If you've watched the earliest episodes of Buffy the Vampire Slayer just to see what all the fuss is about and you're unimpressed, then I urge you to keep with it because, in the opinion of a lot of people I know, the first season is not very good. So, stick with it. It gets good later.
That's their take on the first season of Buffy, and I encourage you to follow their guidance, because it may well by your take on it as well. But it's not mine. While the first season of Buffy is hardly the show at its best (see the latter half of season two for when that starts to kick in), I really do like the first season, and I think the premiere is a particularly strong moment for the show."Welcome to the Hellmouth" provides a great introduction to these characters and this world. More after the jump.
preliminary remarks on Buffy for more on that). The spooky shots of the high school are appropriate, setting up the horror theme of the show quite effectively.... only to subvert it moments later, when it turns out Julie Benz is the vampire, not the victim. That threw me for a loop the first time I watched this episode, coming into the series mostly blind. It's a great scene: rather than deflating the tension, the subversion actually adds to it. It's this that prevents the genre-busting aspect of Buffy from being too clumsy or heavy-handed. Usually.
"Okay, what's the sitch?"
The opening titles of the show embody this genre-busting pretty well, starting with the spooky organ melody and then responding to that with the same melody, this time as an aggressively upbeat guitar riff. Initially, I found the theme rather cheesy and off-putting (perhaps in part because it was ten years later that I first heard it) but I've come to love the Buffy theme. It grew on me gradually, and it helped when it was replaced by a better-sounding recording later in the show's run.
Our first introduction to Buffy is through her nightmares. Make of that what you will, but overall the scene doesn't work too well for me. Joss explains that he wanted the series to be accessible to people who hadn't seen the movie without retreading the same ground (ie, her earliest encounter with vampires) and the nightmares appear to be little more than an attempt to establsih continuity with the movie (y'know, back when they cared about that).

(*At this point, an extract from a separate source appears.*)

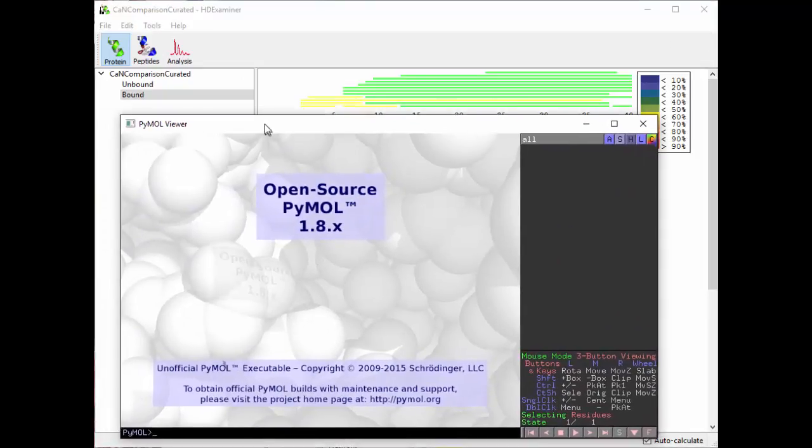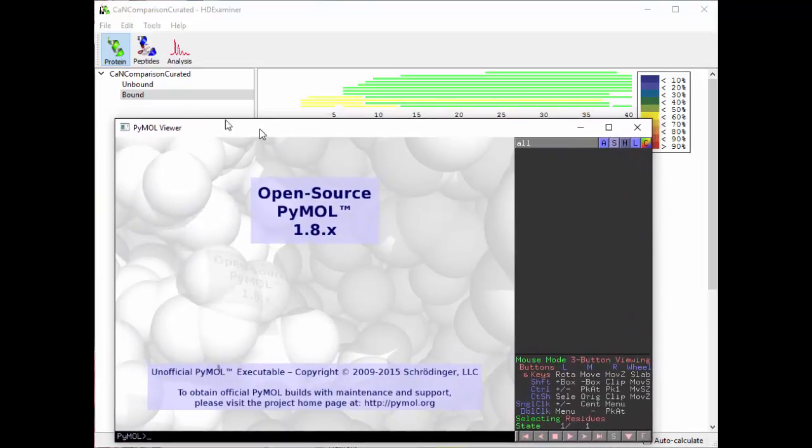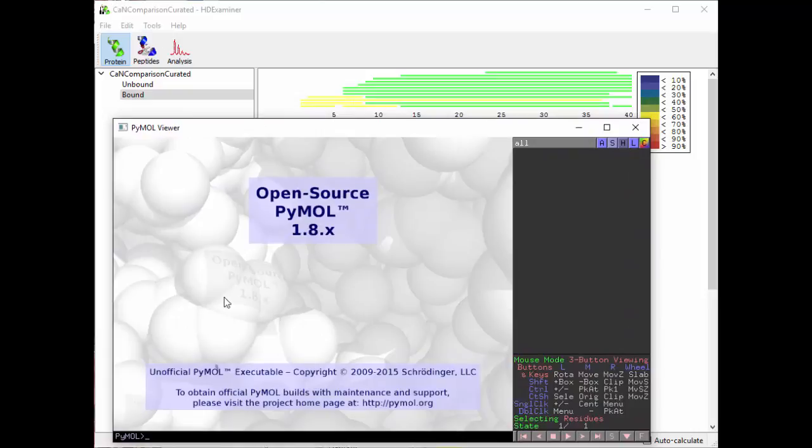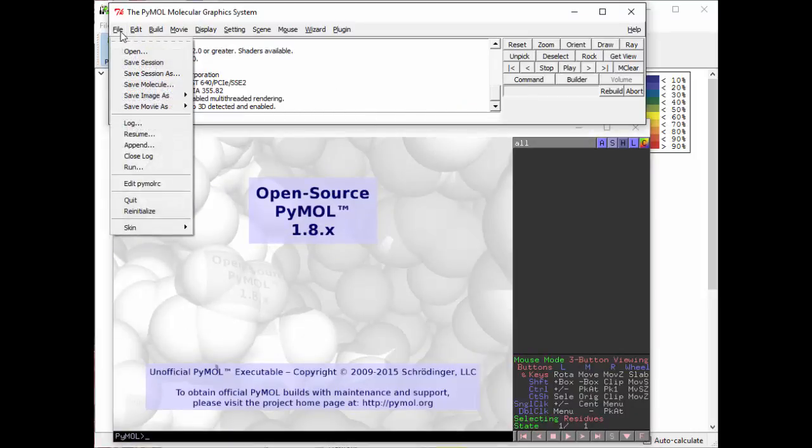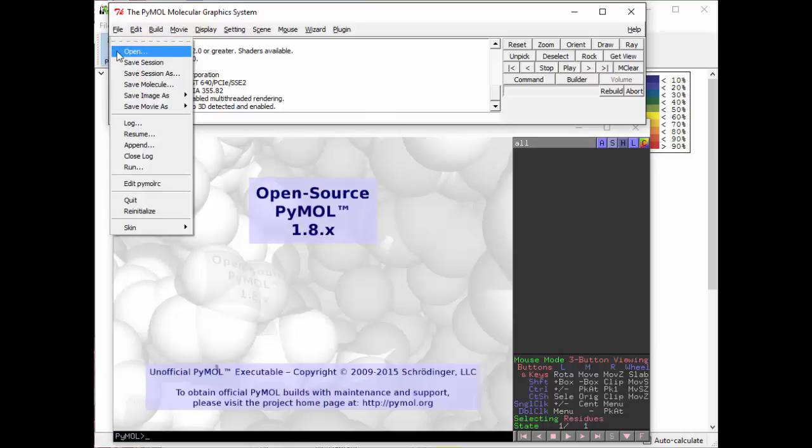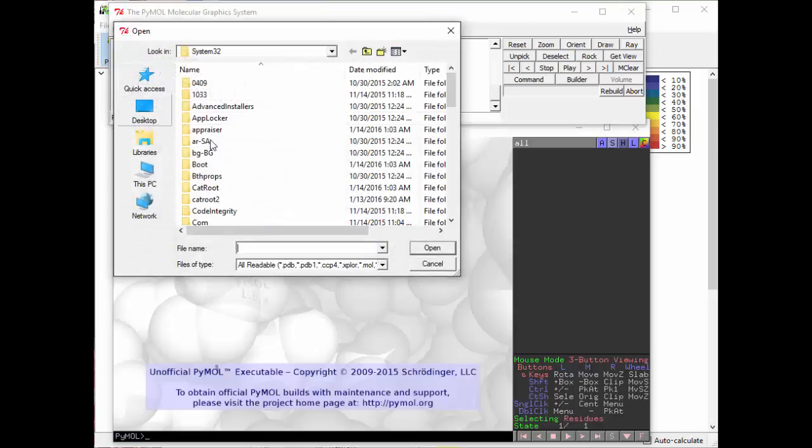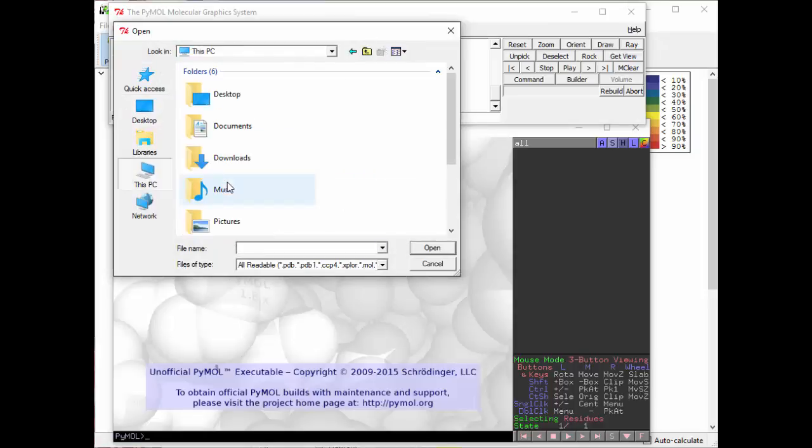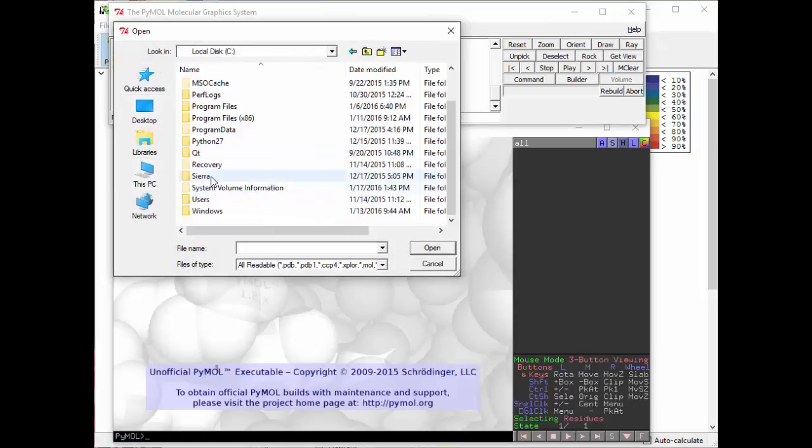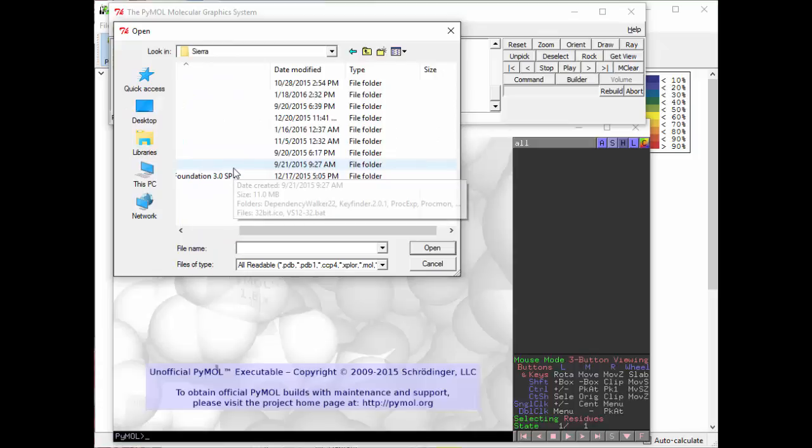So I'm bringing up PyMOL and the first thing to do here is to load my PDB file. PDB is a protein shape format that PyMOL can read. So I'm going to open this, I'm going to browse to the data file.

The high school environment is realized much more effectively here than in the movie. While the clothing and music has dated pretty badly, the stilted valley-speak is confined to a couple of isolated scenes and that's appreciated. More importantly, instead of focusing on the Grease-like world of the social elite (cheerleaders, athletes and bad boys), the show finds its center in the outcasts like Xander and Willow. Even Cordelia, while cartoonish and sterotypical at this point, is more human than any of Buffy's friends from the film. Even when using his characters for humor, Joss takes them seriously as people and that's one of the ways in which the show instantly distinguishes itself from the film.
Sarah Michelle Gellar instantly surpasses Kristy Swanson in terms of likability and emotional range as Buffy. She's quite adept at acting with her face, which is important as she confronts and reacts to her new home in Sunnydale: it's largely Buffy's attitude toward the horror aspects of the show that drives the genre-busting. While her line delivery is occasionally a bit off in places, it's overall a great performance (and one that only gets better over the next seven years). She has some great moments with Alyson Hannigan as Willow, who also stands out. The unaired pilot shows us how easy it is to make Willow boring rather than quirky. Buffy depends so heavily on its cast: in the audio commentary, Joss mentions that many of the actors who auditioned for Giles played him as a stuffy old man, and only Tony Head played him as with youth and energy. An episode of television (and Buffy especially) works because the strength of its script, but we can't forget how easily the same script could have been diminished if handled by lesser performers.
- One of my favorite scenes is the argument between Buffy and Giles. Well, both arguments between them, the one in the library and at the Bronze ("But you didn't hone" is classic).
- Speaking of which, because Buffy was ordered as a midseason replacement, the entire first season was produced before a single episode aired. As a result, Whedon had the opportunity to tinker with this episode after the rest of the season was over, including re-shooting some of Buffy's dialogue in the library with Giles as well as her scene with Angel. In both scenes, Buffy came off as too hostile and angry, so her delivery was toned down a bit. Joss also took the opportunity to add footage to Buffy's nightmare by taking it from future episodes.
- Xander skateboarding to school against a background of upbeat generic rock music is laying it on a bit thick, in terms of establishing the tone for the school scenes. Apparently it was a nightmare to shoot, so Xander never rides it again. I'm fine with that.
- Just a warning, if you or someone you know is watching Buffy for the first time: The audio commentary on this episode contains spoilers for other episodes this season.